How Andrej Karpathy's AI Learns to Write Better Code, One Loop at a Time

Karpathy's loop-plan, generate, run, critique, patch-turns AI from guesswork into tested fixes. Start small, wire to CI and tests, track pass rates, and let iterations compound.

Published on: Mar 09, 2026
How Andrej Karpathy's AI Learns to Write Better Code, One Loop at a Time

Iterative Self-Improvement of Code: How AI Learns to Ship Better Software

Andrej Karpathy popularized a simple idea with big consequences: let the model write code, run it, critique itself, patch the code, and repeat. It's the same way a sharp engineer improves-just compressed into tight loops.

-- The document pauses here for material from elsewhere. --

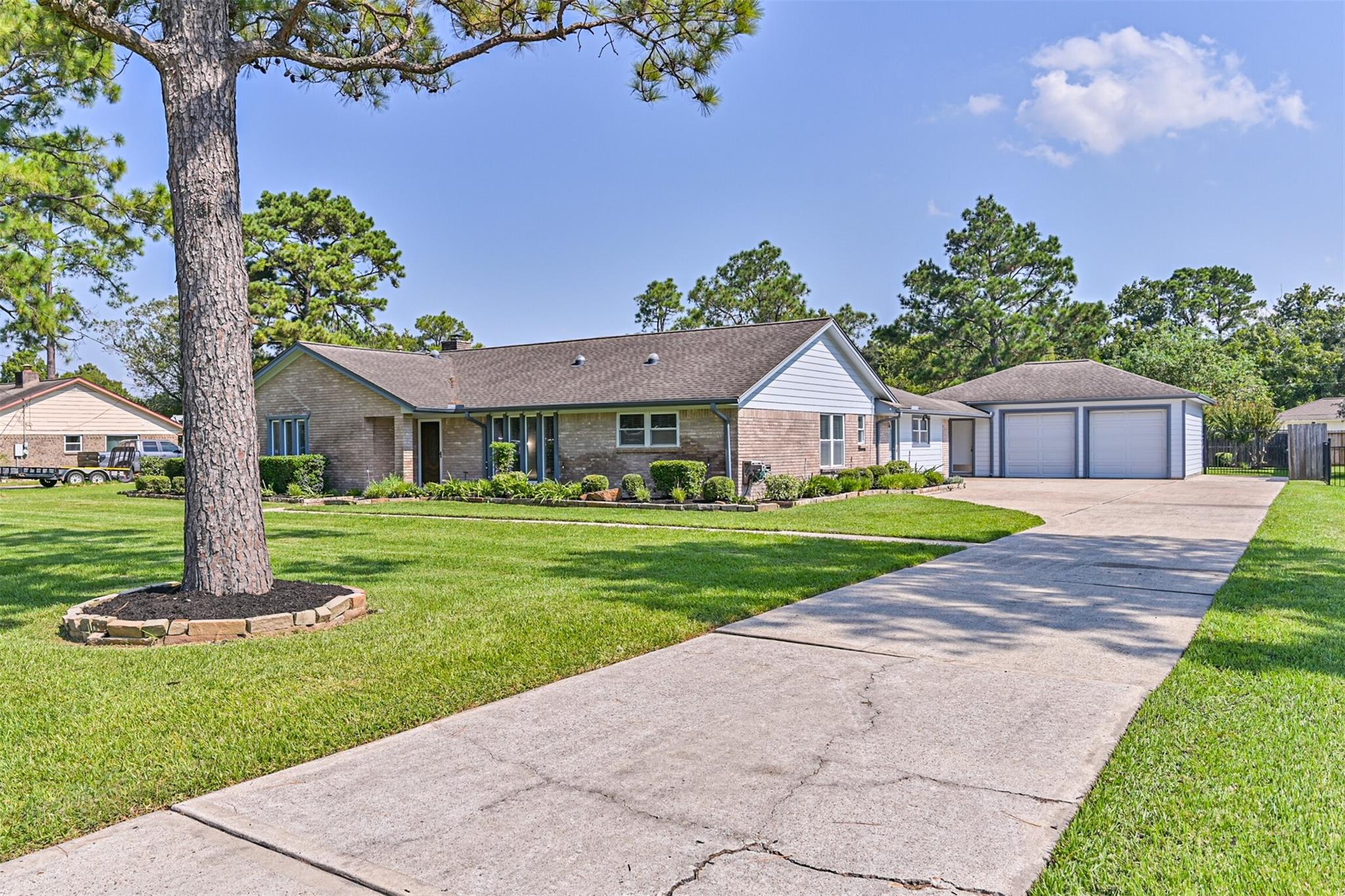 803 Greenbriar Avenue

For general, IT, and development roles, this loop isn't theory. It's a practical system you can bolt onto your workflow to reduce bugs, speed up maintenance, and move from "suggested code" to "proven fixes."

The core loop

  • Plan: State the goal, constraints, and acceptance criteria.
  • Generate: Produce the smallest change that could work.
  • Run: Execute tests, static checks, and example scripts in a sandbox.
  • Critique: Read failures, trace logs, and diffs; summarize root cause.
  • Patch: Apply a targeted fix; avoid scope creep.
  • Repeat: Stop when criteria are met or a max-iteration cap hits.

What makes it work

  • Tests are the truth: High-signal unit/integration tests translate intent into pass/fail feedback.
  • Deterministic environment: Containerized runs, pinned deps, seeded randomness.
  • Clear reward signal: Test pass rate, lints, type checks, and performance gates.
  • Context and memory: Relevant files, failing traces, and prior attempts-not the whole repo dump.
  • Safety rails: Write to branches, run in ephemeral sandboxes, and require human review for merges.

Set this up in your team this week

  • Pick a scope: Start with bug fixing, flaky tests, or boilerplate migrations-bounded, testable work.
  • Toolchain: CI-accessible container, unit tests, static analysis, type checks, and a scriptable runner.
  • Evaluator: One command that returns pass/fail, failing tests, and key metrics as machine-readable output.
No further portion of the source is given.